Dans un contexte où les prix à la pompe continuent d’augmenter, Bruno Retailleau, candidat des Républicains à la présidentielle, a annoncé une mesure audacieuse visant à alléger le poids des carburants sur le budget des ménages. Au cours d’une conférence de presse, il a déclaré sa volonté de supprimer les certificats d’économie d’énergie (CEE), souvent qualifiés de « taxe déguisée ». Selon lui, cette décision pourrait permettre aux Français de réaliser des économies significatives sur le coût de leur plein de carburant.
EN BREF
- Bruno Retailleau propose de supprimer les CEE pour réduire le coût des carburants de 8,50 € par plein.
- Les CEE, créés pour financer des travaux d’économie d’énergie, pèsent sur les factures des consommateurs.
- Cette mesure pourrait pénaliser les aides destinées à la rénovation énergétique pour les ménages modestes.
Le candidat a précisé : « Je serai clair, je supprimerai les certificats d’économie d’énergie. D’ailleurs, dans les 13 à 15 dernières années, la Cour des comptes a contesté l’opacité de ce dispositif. Je rendrai ces 10 centimes par litre de carburant aux Français. » En effet, la Cour des comptes a évalué que chaque ménage dépense annuellement plus de 150 euros pour financer ces certificats, ce qui représente une somme non négligeable dans un contexte économique tendu.
Les CEE, instaurés en 2005, obligent les fournisseurs d’énergie à financer des travaux d’économie d’énergie au profit des consommateurs. Par exemple, en cas de rénovation, un particulier peut bénéficier d’aides financières provenant de ces certificats. Ce système vise à réduire la consommation énergétique, conformément aux engagements de la France vis-à-vis de l’Union européenne sur les objectifs climatiques.

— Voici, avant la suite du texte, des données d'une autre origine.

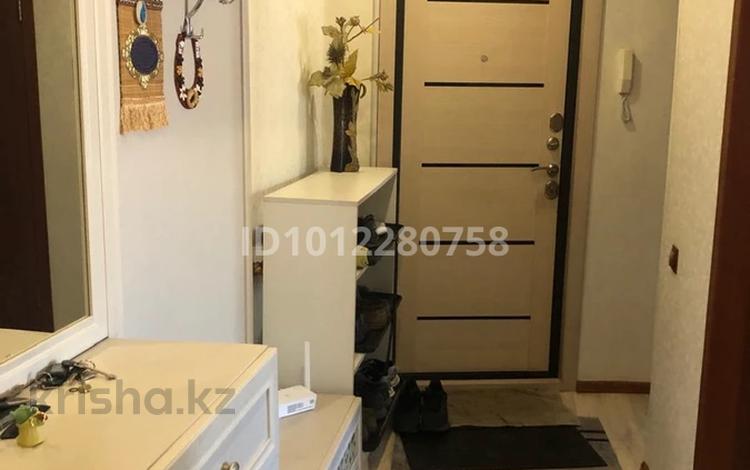 3-бөлмелі пәтер · 68 м² · 1/9 қабат, проспект Назарбаева 168, бағасы: 27.5 млн ₸ в Павлодаре — фото 2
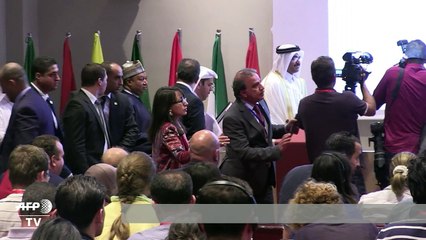 اوبك تتوصل الى اتفاق "تاريخي" لم يكن متوقعا لخفض انتاج النفط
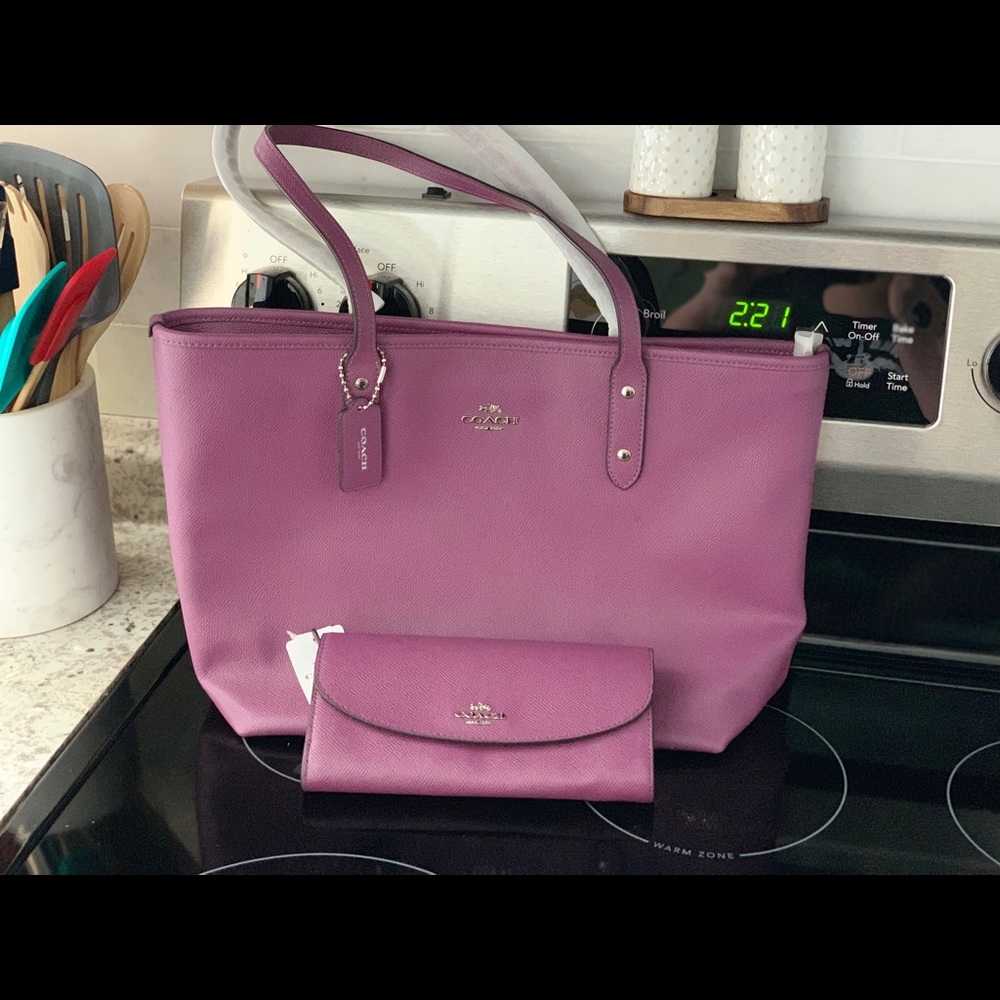 Coach bag with wallet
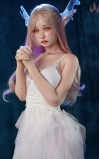 Lyla, tu joven y adorable elfa • SiliconGirls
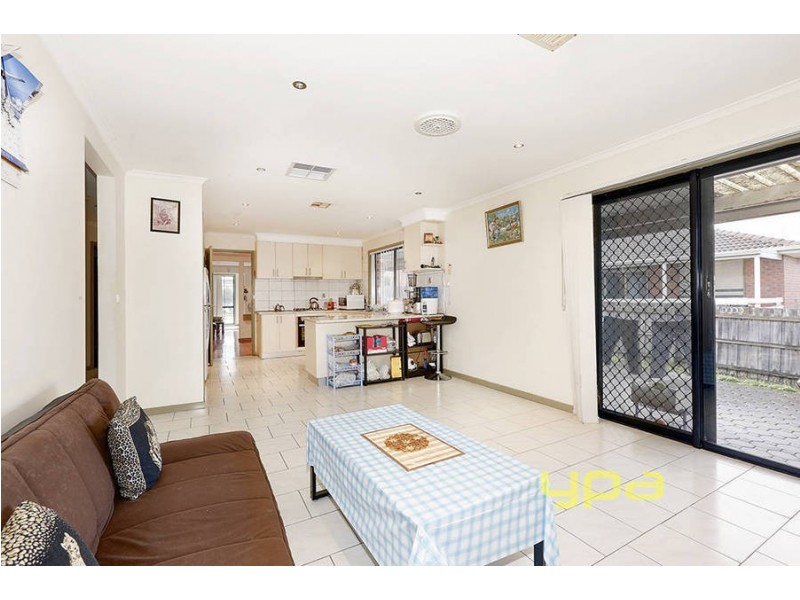 5 Peppermint Grove, Meadow Heights VIC 3048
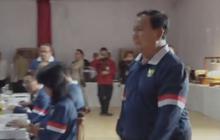 Kode Tangan Prabowo saat para Menteri Mau Beri Hormat Sambil Berdiri Jadi Sorotan, Begini Isyaratnya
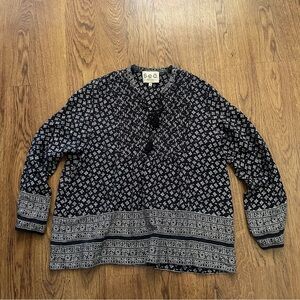 Sea New York Monochrome Star Pattern Top size 2 bohemian boho silk long sleeve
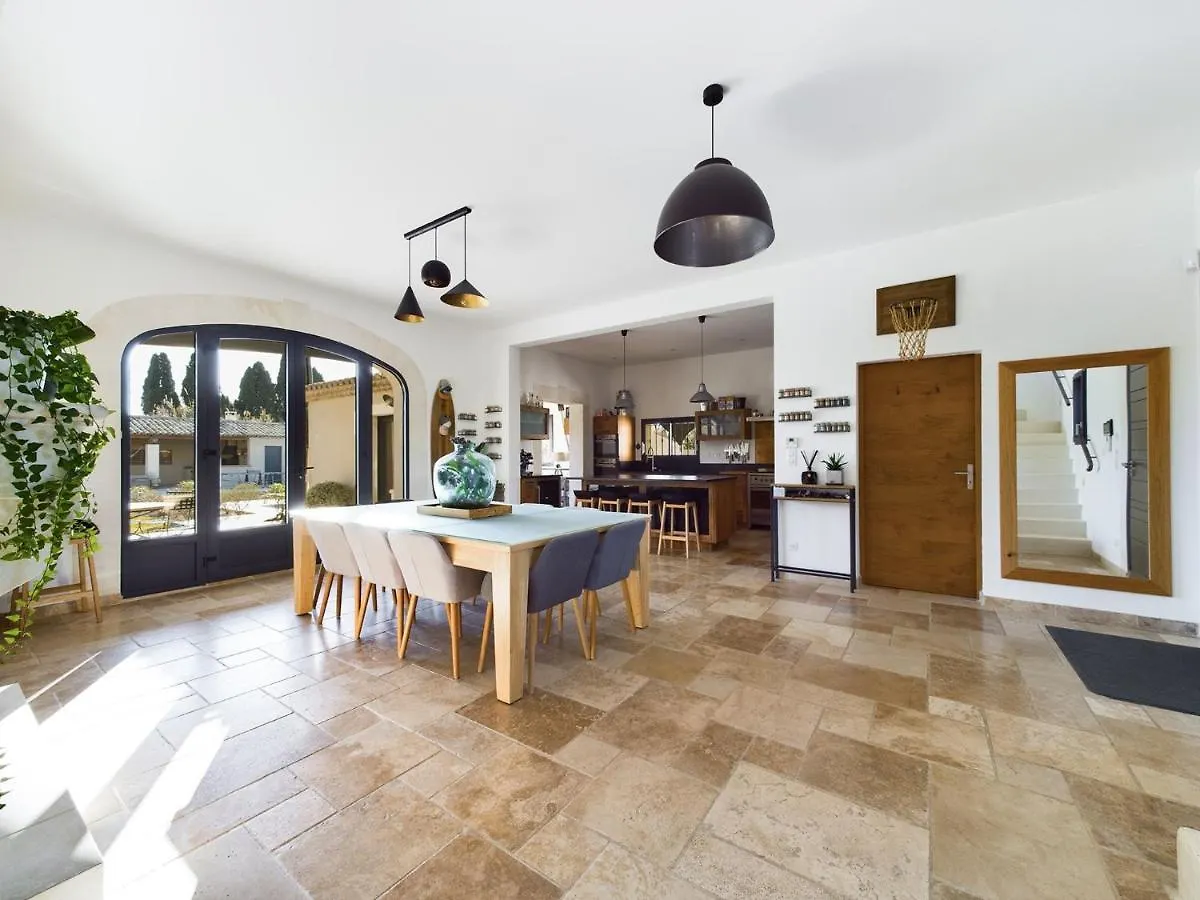 Mas Des Oliviers Villa Eyragues France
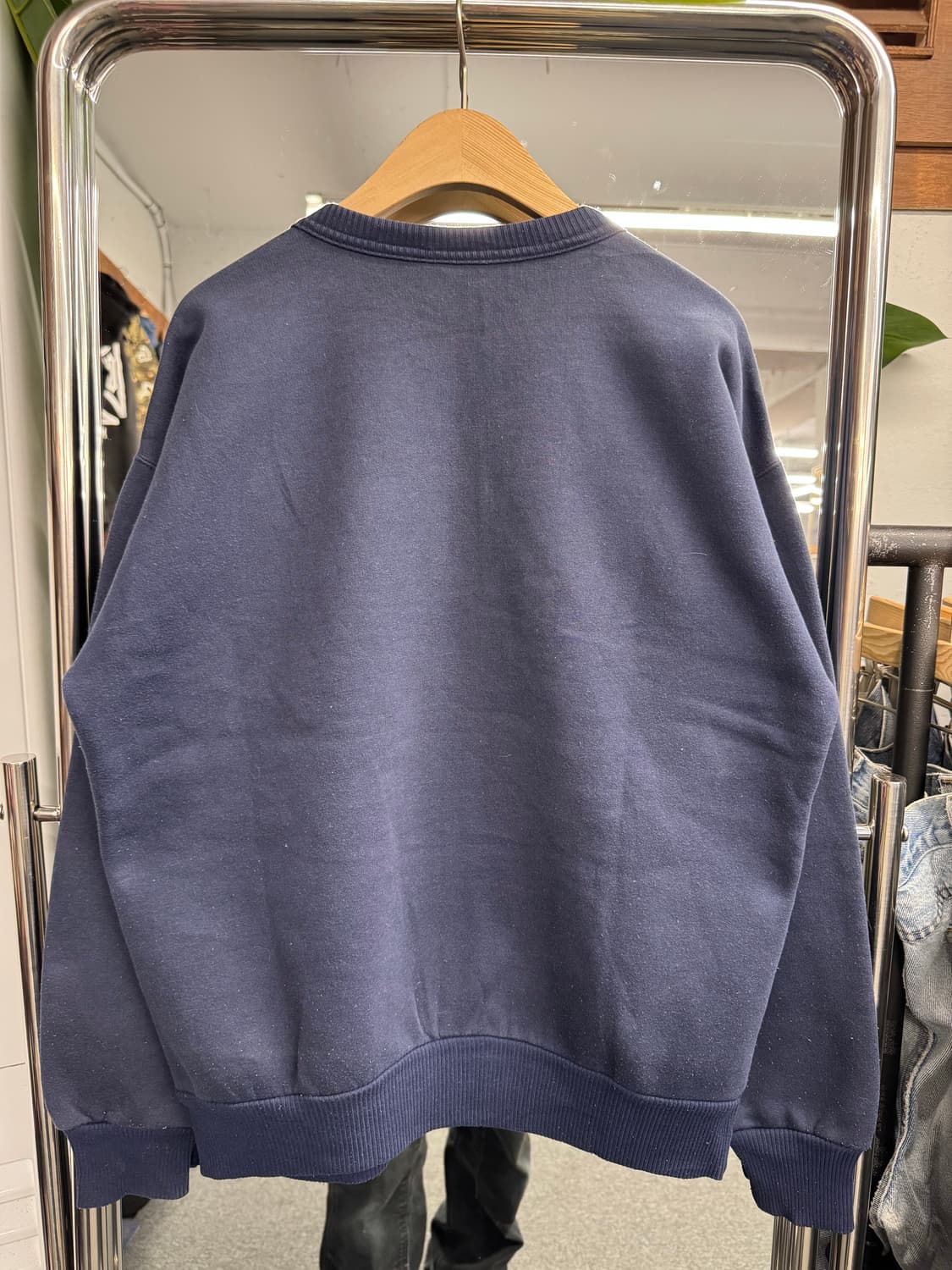 Marshlands 빈티지 네이비 자수 프린팅 스웻셔츠 상품이미지4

Cependant, Bruno Retailleau souligne que les coûts associés aux CEE sont répercutés sur les prix des carburants. Ainsi, il évoque cette mesure comme une solution pour alléger le coût du carburant en supprimant ce qui est perçu comme une charge supplémentaire. En sa qualité de candidat, il se positionne en faveur d’une baisse des prix à la pompe, sans pour autant affecter le budget de l’État, puisque ces certificats ne représentent pas des recettes fiscales mais plutôt des financements pour des aides aux particuliers et aux entreprises.
Toutefois, cette proposition soulève des questions importantes. La suppression des CEE pourrait signifier une réduction des aides annuelles estimées entre 6 à 8 milliards d’euros, destinées à soutenir les travaux de rénovation énergétique. Les ménages les plus modestes, qui dépendent de ces aides pour améliorer l’isolation de leur logement, pourraient être les plus impactés. En effet, une mauvaise isolation pourrait entraîner des factures de chauffage plus élevées, aggravant ainsi la situation financière de ces familles.
Bruno Retailleau a également mis en avant l’opacité du système des CEE, soutenu par plusieurs rapports de la Cour des comptes, qui ont mis en lumière les dysfonctionnements liés à des fraudes et des surfacturations. De nombreux candidats à la présidentielle partagent ses préoccupations. Marine Le Pen, candidate du Rassemblement National, a également critiqué ces certificats, les qualifiant d’agression fiscale, tandis que Jean-Luc Mélenchon, représentant de La France Insoumise, plaide pour un financement public de la rénovation énergétique via un impôt sur la fortune climatique.
Dans cette ambiance politique, d’autres figures comme Gabriel Attal et Édouard Philippe choisissent de maintenir les CEE, tout en proposant des aides ciblées pour accompagner les ménages dans leurs dépenses liées à la voiture. Leur approche vise à concilier les enjeux de la transition écologique avec la nécessité de contrôler les coûts pour les consommateurs.
Alors que la campagne présidentielle se profile, la question des carburants et des aides à la rénovation énergétique semble s’imposer comme un enjeu majeur. La proposition de Bruno Retailleau, si elle s’avère concrète, pourrait redéfinir le paysage politique et économique français dans les mois à venir.